- _The task_:
An exact transcription is needed of the lines below from the one with "New 2026 Audi" through the one with "2026 Leaf Metal Draft Baseball Hobby Box", with no other lines and no pictures.

- _Entries supplied_:
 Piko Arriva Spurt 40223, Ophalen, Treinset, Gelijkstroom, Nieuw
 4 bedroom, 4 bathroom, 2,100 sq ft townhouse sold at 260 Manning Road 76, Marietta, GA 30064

* * *

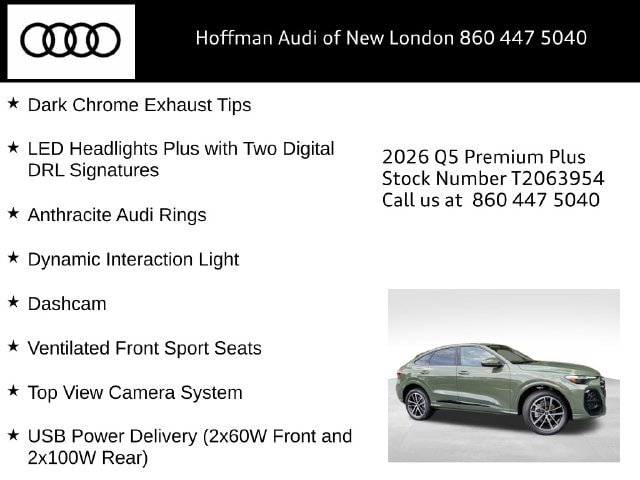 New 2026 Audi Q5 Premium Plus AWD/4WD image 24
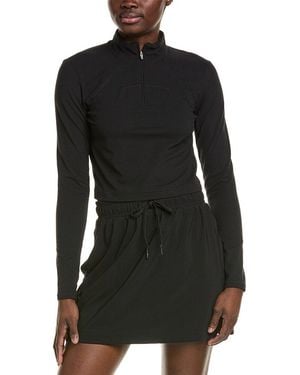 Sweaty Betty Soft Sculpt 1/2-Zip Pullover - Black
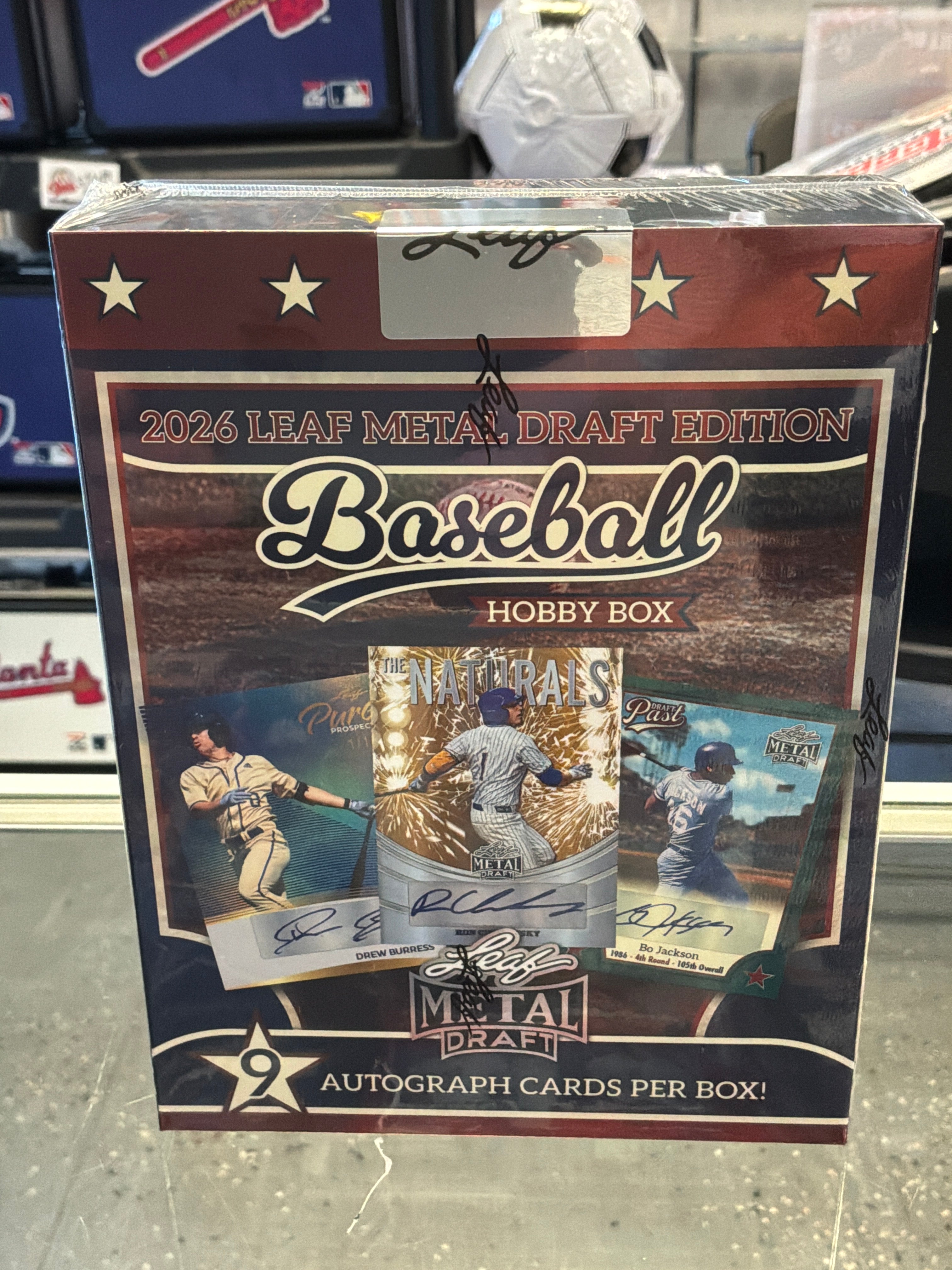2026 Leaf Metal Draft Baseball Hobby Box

- _Answer to the exercise_:
 New 2026 Audi Q5 Premium Plus AWD/4WD image 24
 Sweaty Betty Soft Sculpt 1/2-Zip Pullover - Black
2026 Leaf Metal Draft Baseball Hobby Box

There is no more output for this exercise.